Brauchen wir Liturgie?

Elisa Klapheck

Während der Tagung wurden zwei Fragen nicht behandelt. Die eine stand auf dem Programm: "Ist die Synagoge der Ort der Emanzipation?" Die andere hatte uns Initiatorinnen im Vorfeld der Tagung beschäftigt: "Brauchen wir Liturgie?"

Manche Fragen lassen sich nicht sofort beantworten, sie müssen gelebt werden. Ich blicke inzwischen auf mehrjährige Erfahrungen in bezug auf egalitäre Gottesdienste zurück. Ich habe mich in einem Minjan in Berlin engagiert, in dem Männer und Frauen gleichberechtigt sind, mit der Liturgie experimentieren, alternative Brachot ausprobieren, in denen nicht nur von Gott, König und Vater die Rede ist, sondern von "ihr", der "Gesegneten" und der "Quelle des Lebens". In diesem Minjan wurden sogar neue liturgische Abschnitte eingeführt, wie ein Coming-Out-Gebet für Lesben und Schwule, Gedichte und selbst verfaßte Gebete.
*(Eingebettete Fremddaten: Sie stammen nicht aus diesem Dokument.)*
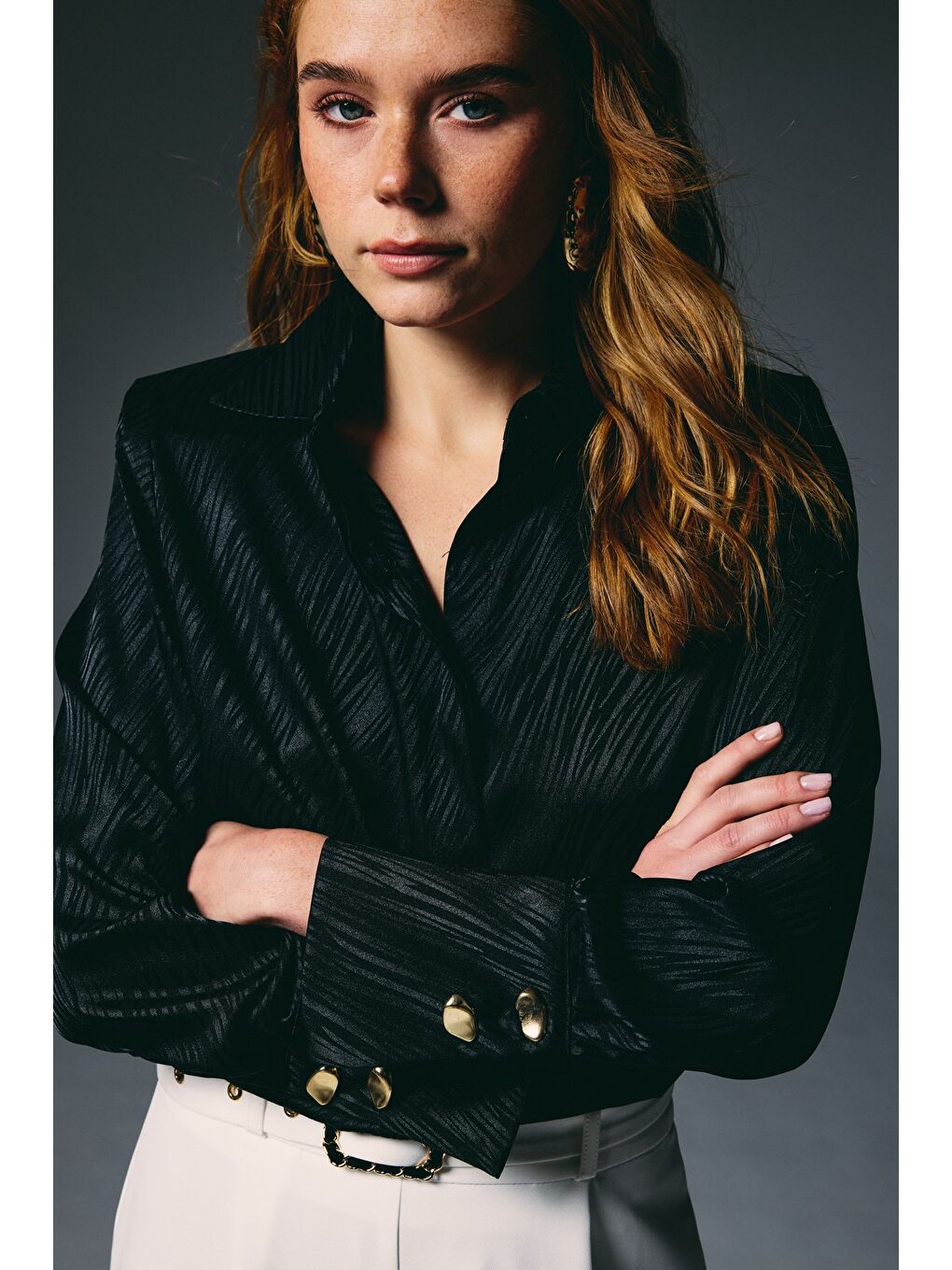 Zebra Desenli Gömlek - Siyah-4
Gemeindepolitisch waren ich und andere Aktivist/innen erfolgreich. Vor zwei Jahren stimmte die Repräsentantenversammlung - das Parlament der Jüdischen Gemeinde Berlins - dafür, die "Synagoge Oranienburger Straße" für "gleichberechtigte Gottesdienste" zur Verfügung zu stellen. Zu den Hohen Feiertagen kommen inzwischen sogar rund 200 Menschen.

Aber ist diese Art von Religiosität das, was wir im Herzen anstrebten und wofür wir uns eingesetzt haben? Genauer: Sind Gottesdienste und Liturgie ein geeigneter Rahmen, in dem wir, die wir fast alle aus eher nicht-religiösen Familien stammen und uns erst mit den Jahren den religiösen Aspekten des Judentums zugewandt haben, uns ausdrücken können? Oder griffen wir auf eine tradierte Form zurück, knüpften gezwungenermaßen an ihr an, weil wir uns keine andere konkrete Form vorstellen konnten, in der wir unsere Auffassung vom Jüdischsein praktizieren können?
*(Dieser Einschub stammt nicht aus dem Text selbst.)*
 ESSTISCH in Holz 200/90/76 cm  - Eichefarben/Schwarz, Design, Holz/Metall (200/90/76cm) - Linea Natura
Tatsächlich bin ich inzwischen an bestimmte Grenzen gestoßen und habe in bezug auf die Synagoge gemischte Gefühle. Ein Großteil meines Elans war zweifellos von der Entdeckerfreude getragen. Wenn ich ehrlich bin, muß ich jedoch zugeben, daß ich heute oft keine Lust mehr habe, in die Synagoge zu gehen, daß ich meine Probleme mit den Gott preisenden Psalmen, Gebeten und Segenssprüchen habe, und daß ich mich, wenn ich sie spreche, als nicht wirklich authentisch empfinde. Manchmal ertappe ich mich sogar bei dem Gefühl, etwas zu simulieren, was ich selbst nicht bin.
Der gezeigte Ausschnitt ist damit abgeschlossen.